|Running hard in a half marathon in 2009|
I got back from a trip to Eugene, Oregon this weekend for the half marathon there as part of my Western States build up. So, apart from the fact that I enjoy road racing and that Eugene is Track Town USA (with the US Olympic Trials occurring around WS time), why is that a good training run for a mountainous trail ultra?
One thing that I have found over time is that the more I just run trails, the more I tend to slow down. Yes, the ability to climb and descend gets better, but the pace on easier trails goes down. And WS, like most trail ultras, has a lot of faster running in there as well as some climbs to slow things down a bit.
Apart from downhill, most people are unlikely to hit their half marathon road speed in a trail ultra, but by working on the uncomfortable pace close to your lactate threshold (as a half marathon does), you force your body to adapt and be able to sustain a higher pace when on long runs. Your lactate threshold is basically the exercise intensity where lactic acid starts to accumulate in the blood, when lactate is produced faster than it can be removed. Effectively, this causes a runner to slow down so the higher this boundary can be pushed, the higher his or her sustainable pace becomes.

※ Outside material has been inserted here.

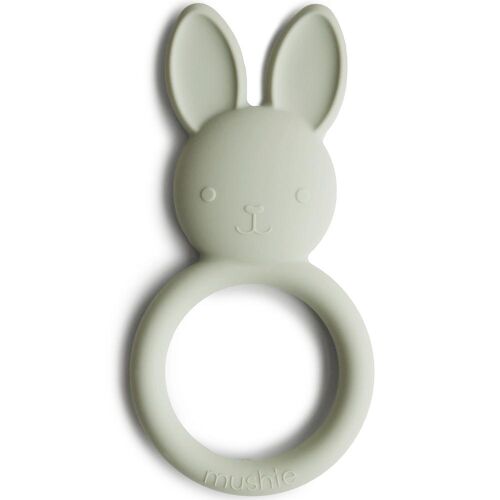 Les Petits Marmots | Anneau de dentition - Lapin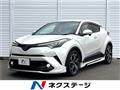 2016 Toyota C-HR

If you can make 6-minute/miles feel easier (or 7s, 9s, 11s etc) at the high end then it really helps to make cruising speed more efficient too in a really long run.
So why is a half marathon particularly good for this type of training? There are two main reasons I'd suggest for this:
1. Half marathon pace is fast enough to get close to your lactate threshold and push that boundary out so you can run faster, plus it is a long enough race that you have to push hard for a sustained period.
2. It's short enough that it doesn't take too long to recover from for a regular runner, certainly less time than a marathon.
Admittedly, guys with incredibly fast sub 2:20 marathon times haven't generally done as well in 100 milers as their speed would suggest. But it's the combination of the flat out speed and trail fitness that counts. Put a Kenyan Olympian on a mountainous 100-miler without specific training and they'd obviously not be bad, but they wouldn't automatically be the best unless they trained well for and adapted extremely well to the specifics of a mountain ultra (the same applies in the other direction but is more obvious to people and has been more tried and tested).
Speed training can be done on trails and hill work is similar in many ways, but if you like roads then they can really help as part of trail ultra training.